Directions >> Please repeat exactly the lines below from the line with "Zong-Yan Liu: GeneCAD: Plant" to the line with "Viral Marketing: Definition, Mechanisms, Real-Life", including both, and leave out every picture.

Data in this exercise >>
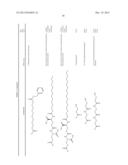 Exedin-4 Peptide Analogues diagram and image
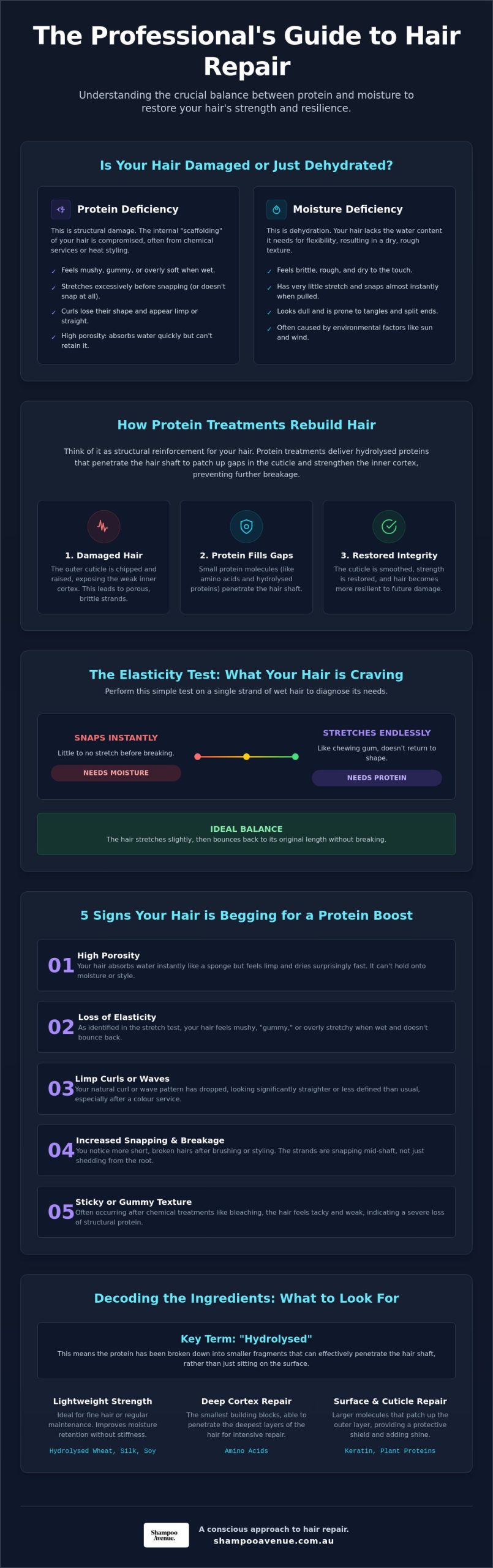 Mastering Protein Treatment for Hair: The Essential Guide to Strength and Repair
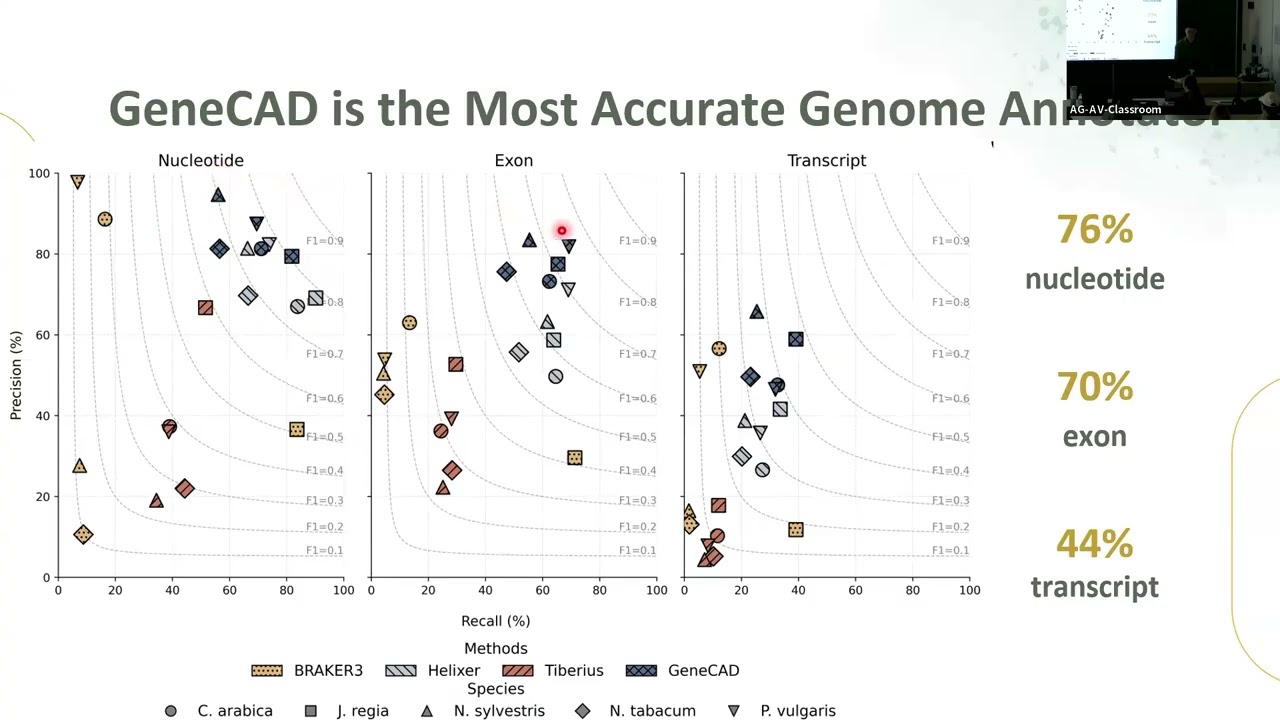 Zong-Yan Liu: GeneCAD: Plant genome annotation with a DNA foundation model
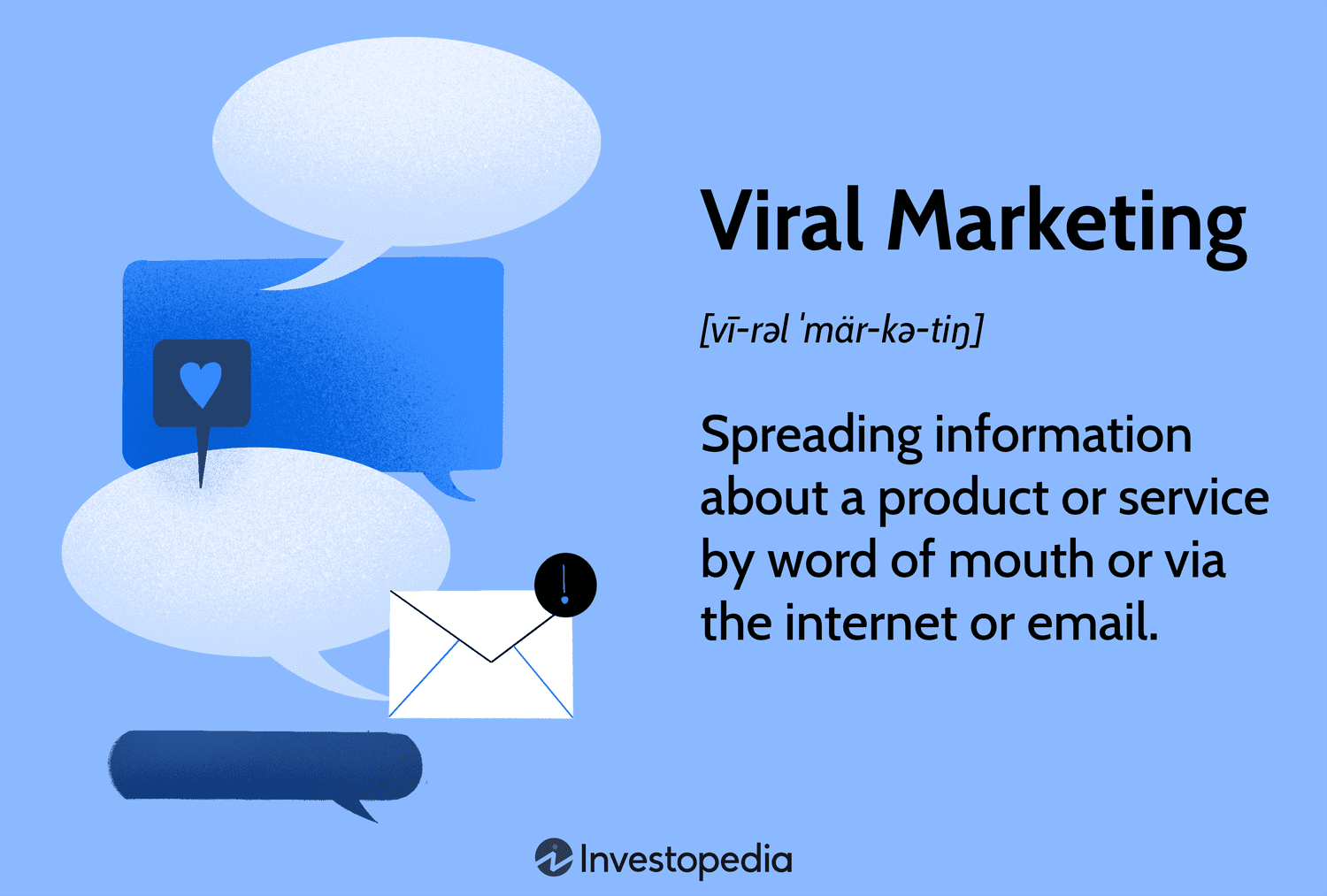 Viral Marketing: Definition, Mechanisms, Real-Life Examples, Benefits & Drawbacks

...

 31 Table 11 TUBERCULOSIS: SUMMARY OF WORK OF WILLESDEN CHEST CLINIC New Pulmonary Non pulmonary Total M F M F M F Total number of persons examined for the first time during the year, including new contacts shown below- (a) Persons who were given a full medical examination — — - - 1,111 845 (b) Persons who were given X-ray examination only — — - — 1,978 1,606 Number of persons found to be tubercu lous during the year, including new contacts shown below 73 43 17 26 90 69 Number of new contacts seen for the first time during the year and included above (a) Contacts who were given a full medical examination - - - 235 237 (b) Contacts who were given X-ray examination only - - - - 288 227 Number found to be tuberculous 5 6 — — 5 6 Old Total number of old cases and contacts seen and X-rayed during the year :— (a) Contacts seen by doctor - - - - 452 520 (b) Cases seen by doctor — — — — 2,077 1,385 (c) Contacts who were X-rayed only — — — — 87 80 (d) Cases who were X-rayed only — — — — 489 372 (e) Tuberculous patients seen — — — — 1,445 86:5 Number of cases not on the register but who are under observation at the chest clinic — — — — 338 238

---

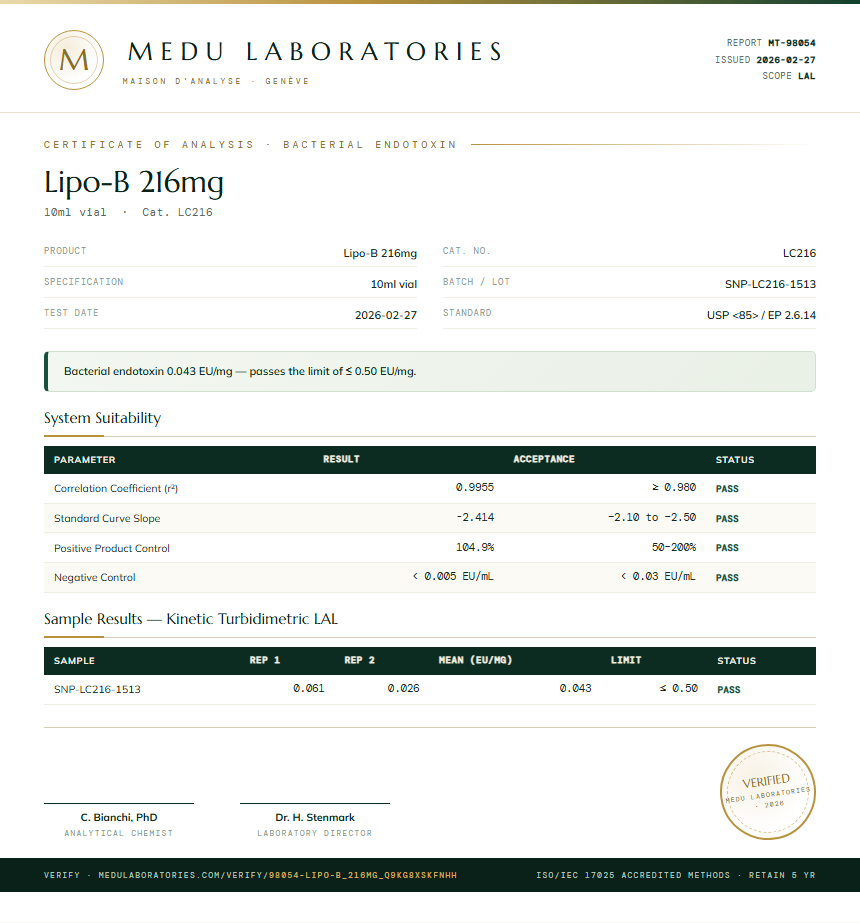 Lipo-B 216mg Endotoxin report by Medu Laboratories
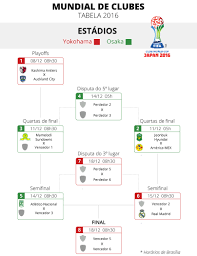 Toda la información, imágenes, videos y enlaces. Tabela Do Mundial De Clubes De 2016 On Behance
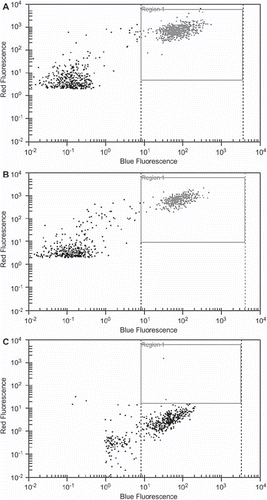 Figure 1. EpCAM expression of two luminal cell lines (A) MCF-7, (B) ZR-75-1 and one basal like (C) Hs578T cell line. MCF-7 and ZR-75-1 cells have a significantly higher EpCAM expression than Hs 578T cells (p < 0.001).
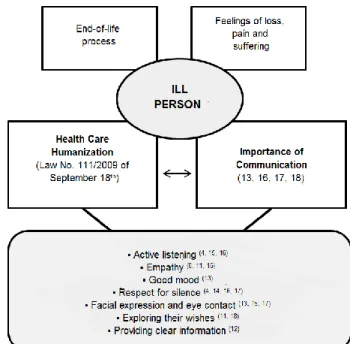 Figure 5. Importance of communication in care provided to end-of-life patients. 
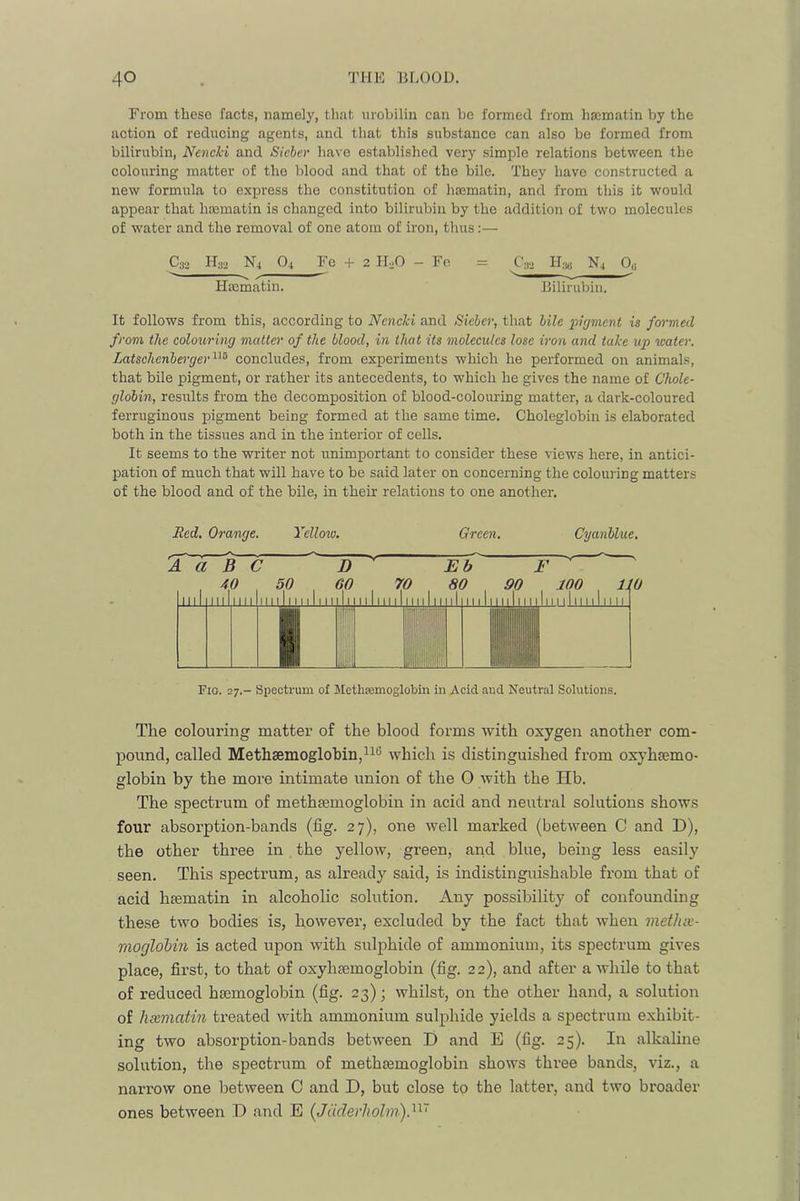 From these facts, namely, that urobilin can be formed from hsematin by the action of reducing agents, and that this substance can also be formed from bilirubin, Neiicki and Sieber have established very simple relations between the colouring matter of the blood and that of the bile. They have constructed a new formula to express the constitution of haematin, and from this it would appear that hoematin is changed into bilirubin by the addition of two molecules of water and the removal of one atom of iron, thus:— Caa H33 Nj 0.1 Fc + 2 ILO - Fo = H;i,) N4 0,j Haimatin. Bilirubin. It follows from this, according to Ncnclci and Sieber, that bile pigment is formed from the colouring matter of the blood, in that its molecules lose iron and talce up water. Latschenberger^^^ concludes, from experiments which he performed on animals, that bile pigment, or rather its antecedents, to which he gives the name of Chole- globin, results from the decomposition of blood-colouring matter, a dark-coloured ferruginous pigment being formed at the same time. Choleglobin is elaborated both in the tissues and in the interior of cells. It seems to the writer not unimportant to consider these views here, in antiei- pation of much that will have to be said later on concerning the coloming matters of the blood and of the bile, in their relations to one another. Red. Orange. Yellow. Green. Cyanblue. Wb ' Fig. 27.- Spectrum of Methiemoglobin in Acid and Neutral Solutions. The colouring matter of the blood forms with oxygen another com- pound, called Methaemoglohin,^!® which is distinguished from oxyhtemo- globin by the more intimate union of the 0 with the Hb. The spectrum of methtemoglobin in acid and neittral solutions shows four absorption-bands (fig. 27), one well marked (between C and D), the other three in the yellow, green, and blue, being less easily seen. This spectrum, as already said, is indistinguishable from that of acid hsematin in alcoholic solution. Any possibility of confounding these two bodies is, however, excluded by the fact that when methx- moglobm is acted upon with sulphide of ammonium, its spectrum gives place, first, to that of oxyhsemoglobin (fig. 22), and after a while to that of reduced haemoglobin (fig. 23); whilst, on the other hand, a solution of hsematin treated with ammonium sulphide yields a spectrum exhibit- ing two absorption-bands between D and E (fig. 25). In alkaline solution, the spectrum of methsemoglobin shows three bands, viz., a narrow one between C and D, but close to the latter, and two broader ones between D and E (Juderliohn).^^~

Exercise answer >>
 Zong-Yan Liu: GeneCAD: Plant genome annotation with a DNA foundation model
 Viral Marketing: Definition, Mechanisms, Real-Life Examples, Benefits & Drawbacks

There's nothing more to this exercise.